Work item: Transcribe every entry word for word. Skip the pictures.

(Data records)
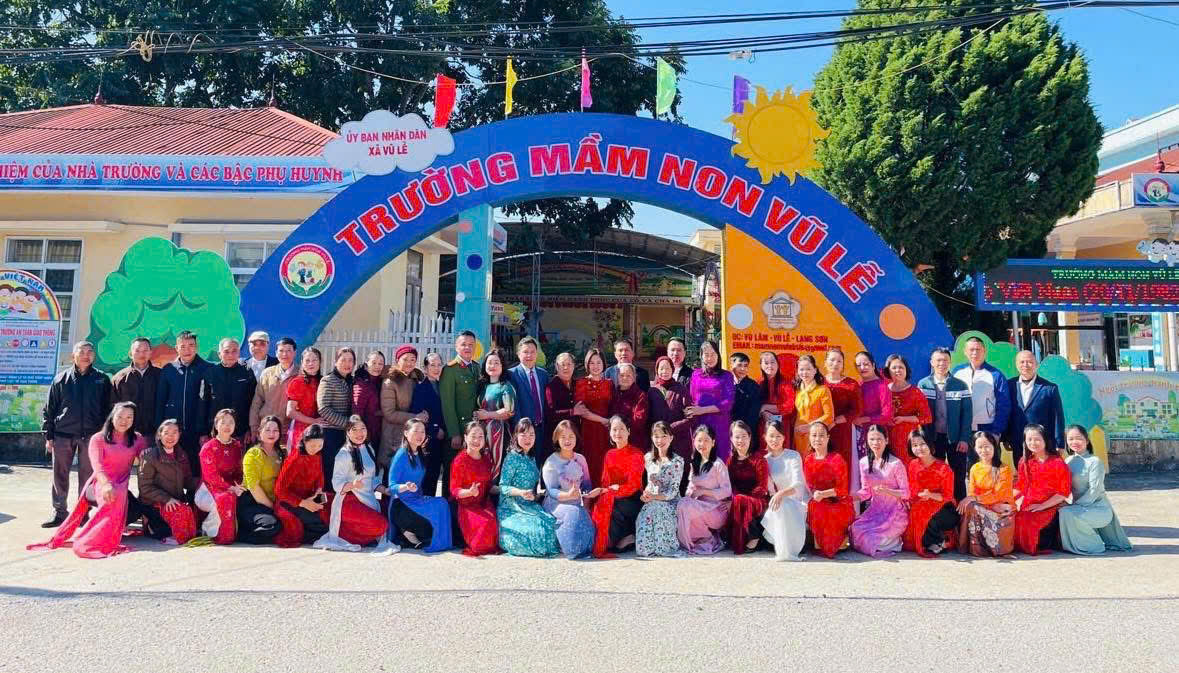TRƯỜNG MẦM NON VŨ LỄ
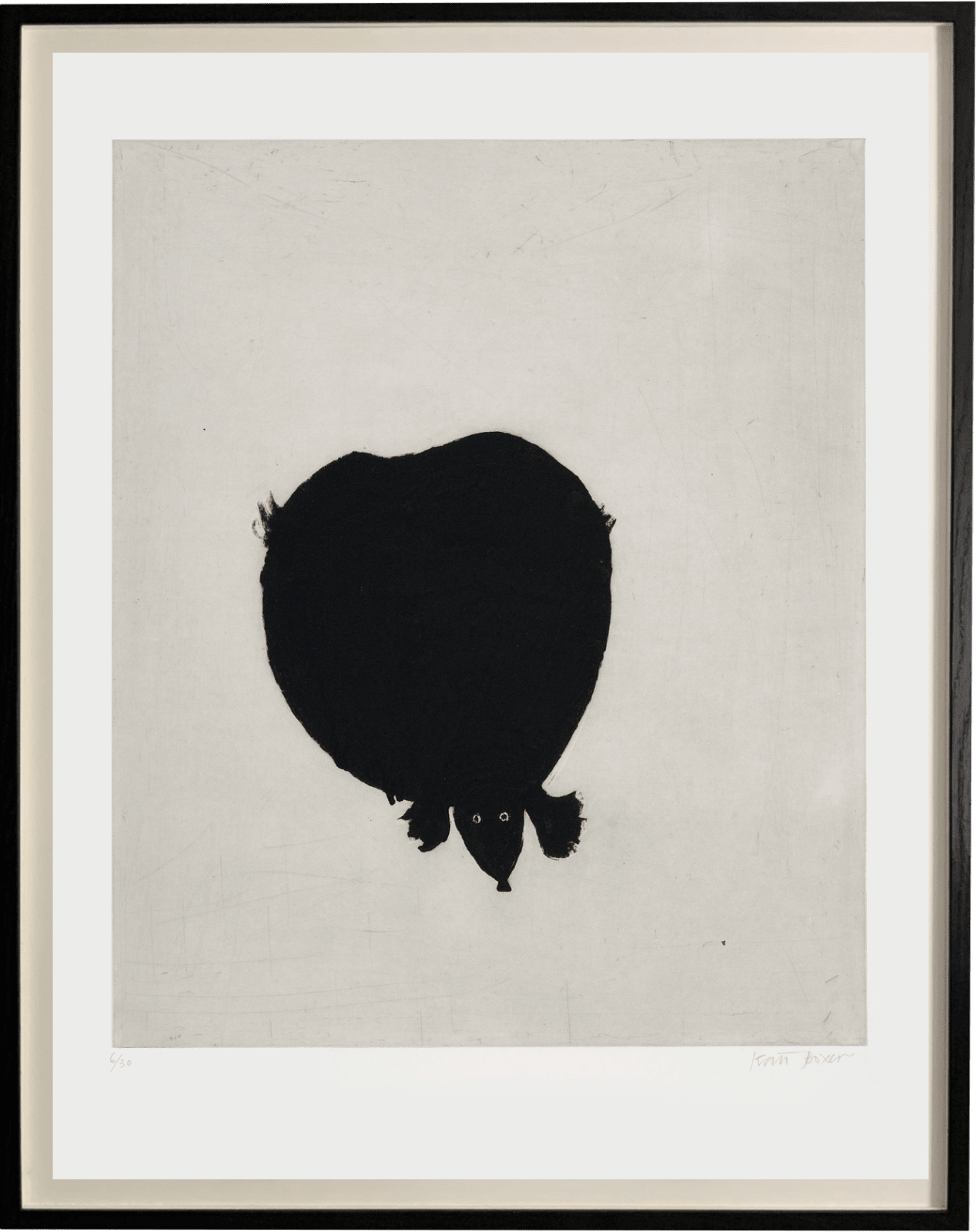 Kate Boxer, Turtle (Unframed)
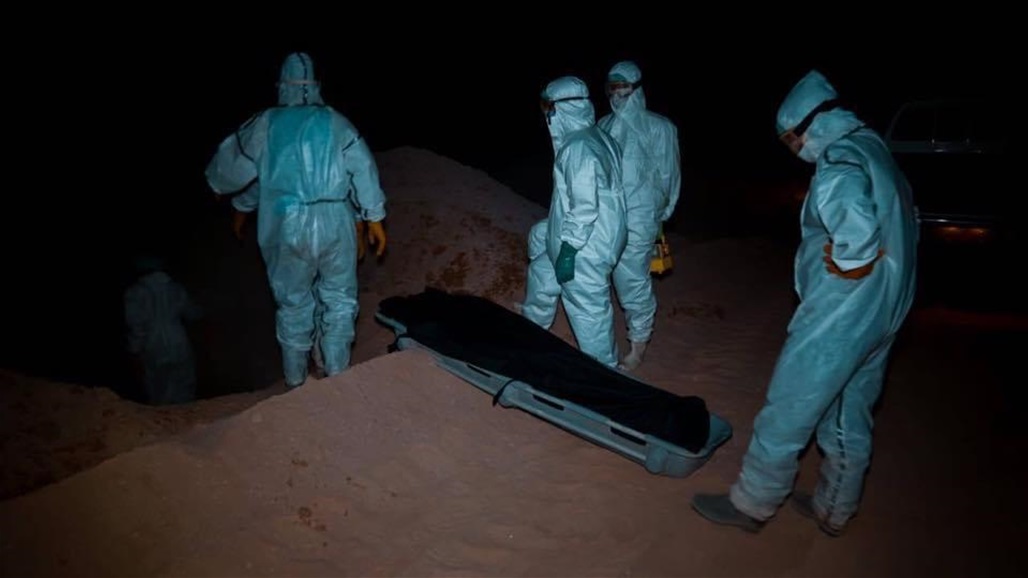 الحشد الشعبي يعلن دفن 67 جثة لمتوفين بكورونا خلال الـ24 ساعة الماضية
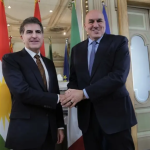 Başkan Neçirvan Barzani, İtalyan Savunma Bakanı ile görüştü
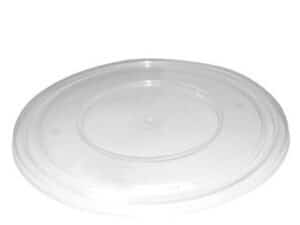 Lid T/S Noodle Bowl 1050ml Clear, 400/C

Response:
TRƯỜNG MẦM NON VŨ LỄ
 Kate Boxer, Turtle (Unframed)
 الحشد الشعبي يعلن دفن 67 جثة لمتوفين بكورونا خلال الـ24 ساعة الماضية
 Başkan Neçirvan Barzani, İtalyan Savunma Bakanı ile görüştü
 Lid T/S Noodle Bowl 1050ml Clear, 400/C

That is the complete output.